Here’s how it sounds: wavetable-clock-multiplier.mp3

For this patch, I used a sawtooth LFO to drive a Richter Megawave. I multed this saw and used one copy to trigger one envelope (master clock, left channel voice) and patched the other to the input of the Megawave. I patched its output to a second envelope and voice (multiplied clock, right channel). I used the sine waves in ’Miniwave’ (Bank 14, Wave 3) as they are more regular than the pulses in Bank 7. Fortunately, these sines were enough to trigger my envelopes. I kept the multiplication at x4 but modulated the frequency of the LFO (and the pitch of the audio VCOs) with a voltage offset and a clocked random voltage.

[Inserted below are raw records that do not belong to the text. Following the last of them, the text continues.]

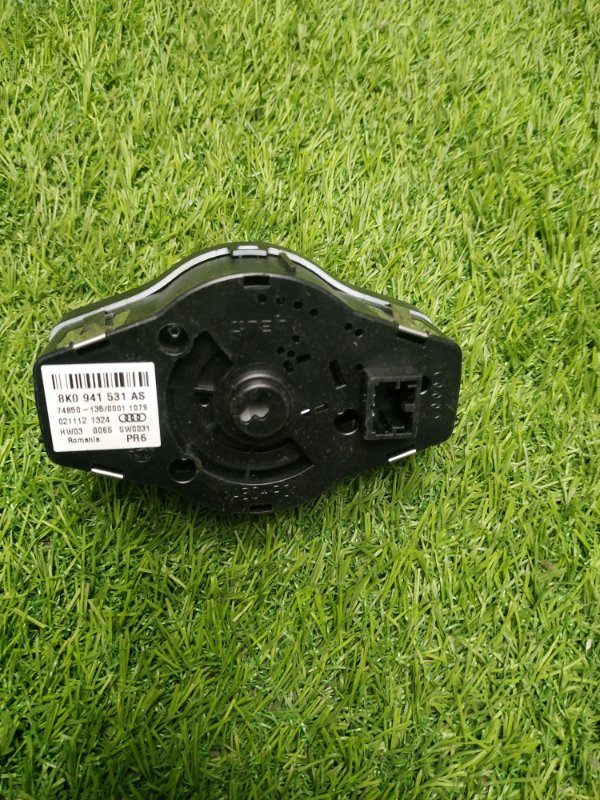 Переключатель света фар AUDI A4 2013 B8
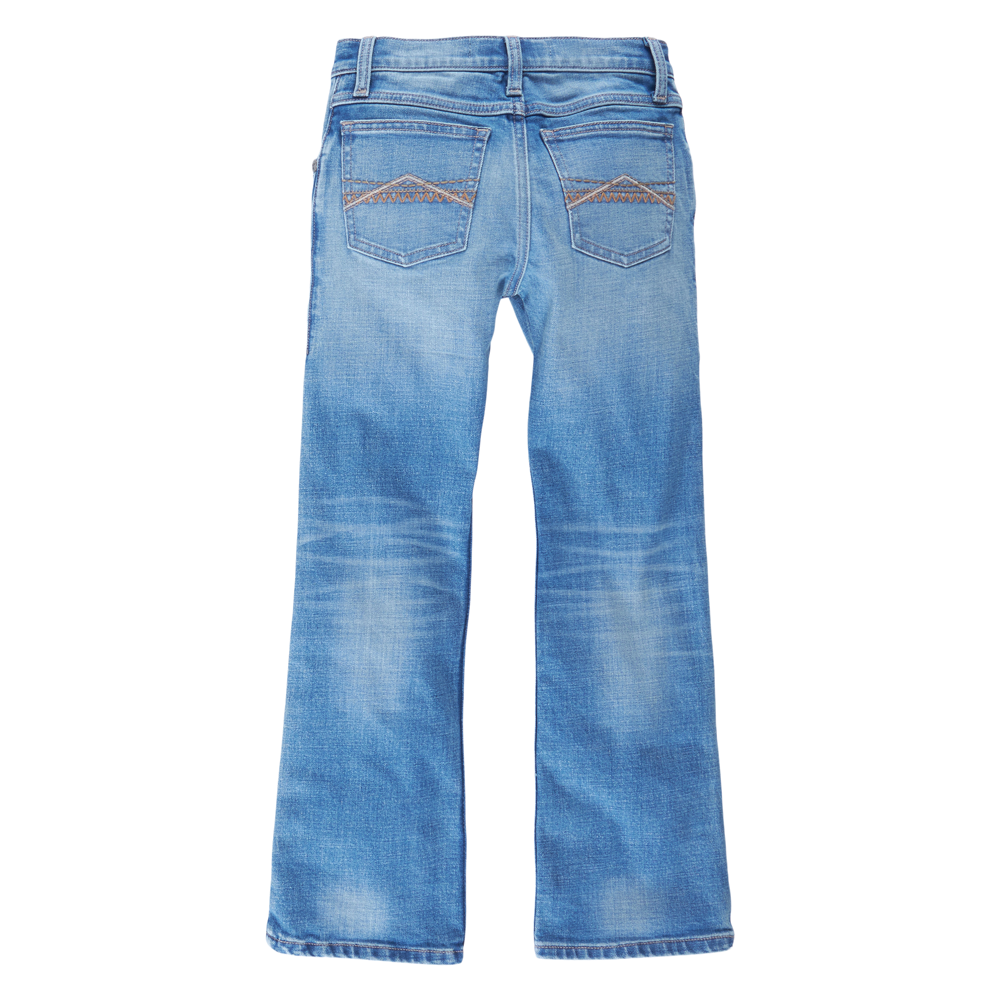 Wrangler Toddler 20X Vintage Bootcut Jeans - Harness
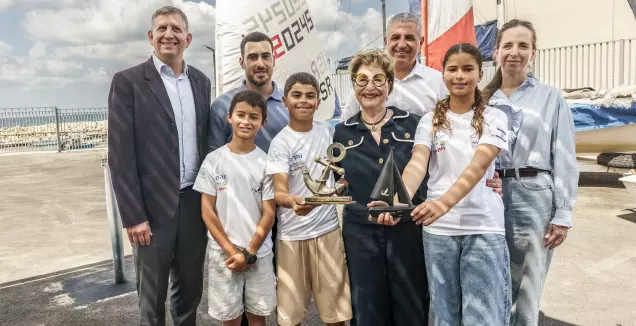 מרכז הספורט הימי ע"ש מיכאל שטראוס נחנך בנהריה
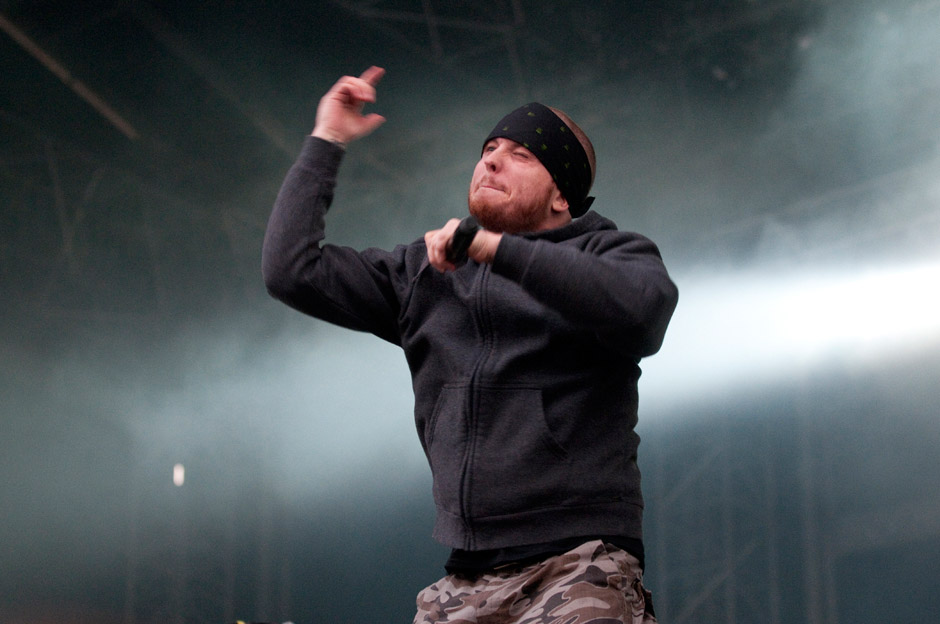 Hatebreed live, With Full Force 2013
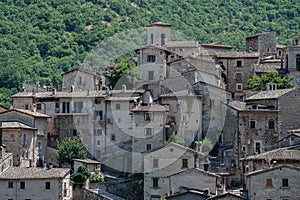 Scanno. Is an Italian town located in the province of L\'Aquila, in Abruzzo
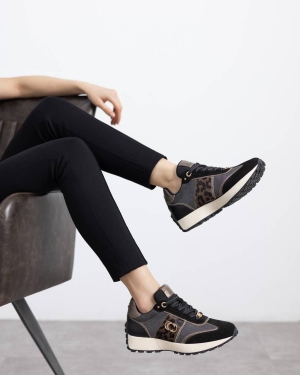 Сникърси CARMELA 162702 Black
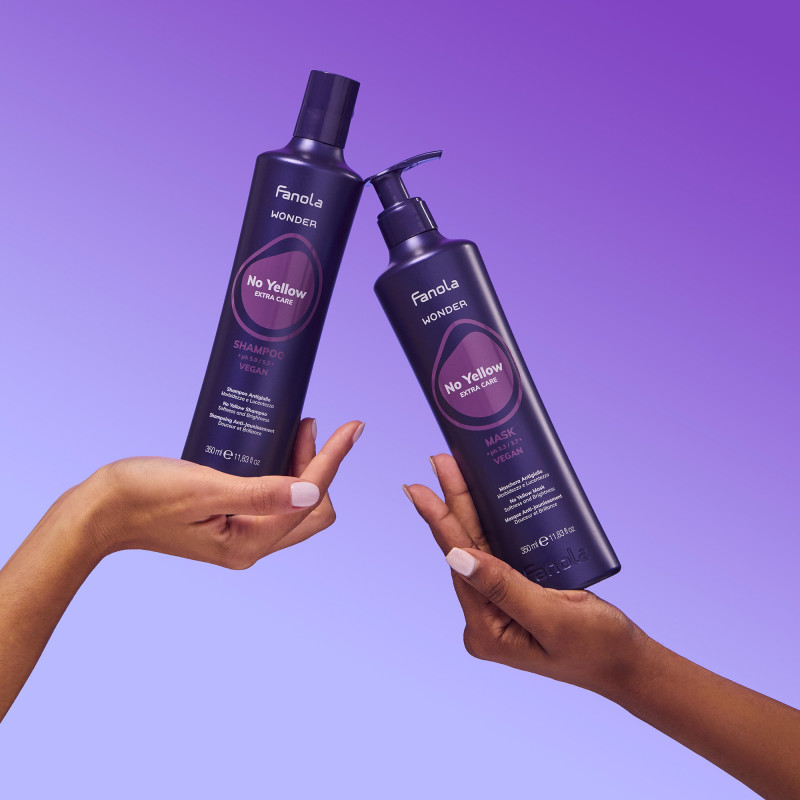 Shampoing déjaunisseur No Yellow Wonder
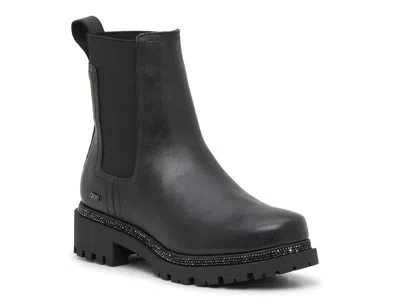 Dkny Rick Chelsea Boot In Black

To get voltage control over the multiplier e.g., jump from quarter notes to 16-ths, we can do two things: either select a new wave via CV or manually select the wave with the most pulses and control the amplitude of the sawtooth with a VCA, as you would with a wave-folder. Much like the old Beat Folder patch, we are re-assigning voltages. But instead of using an analogue transfer function, the wavetable module allows us to look up a series of digitally stored arbitrary values.

If you want to read some more about the Megawave and its many uses, head here. The Megawave is full of maths, a ‘best-of’ transfer functions (see the Socket Rocket manual for ideas). This is my sort of module. It’s multifunctional - not because it has many modes but because its principle function can be re-imagined according to the desired use.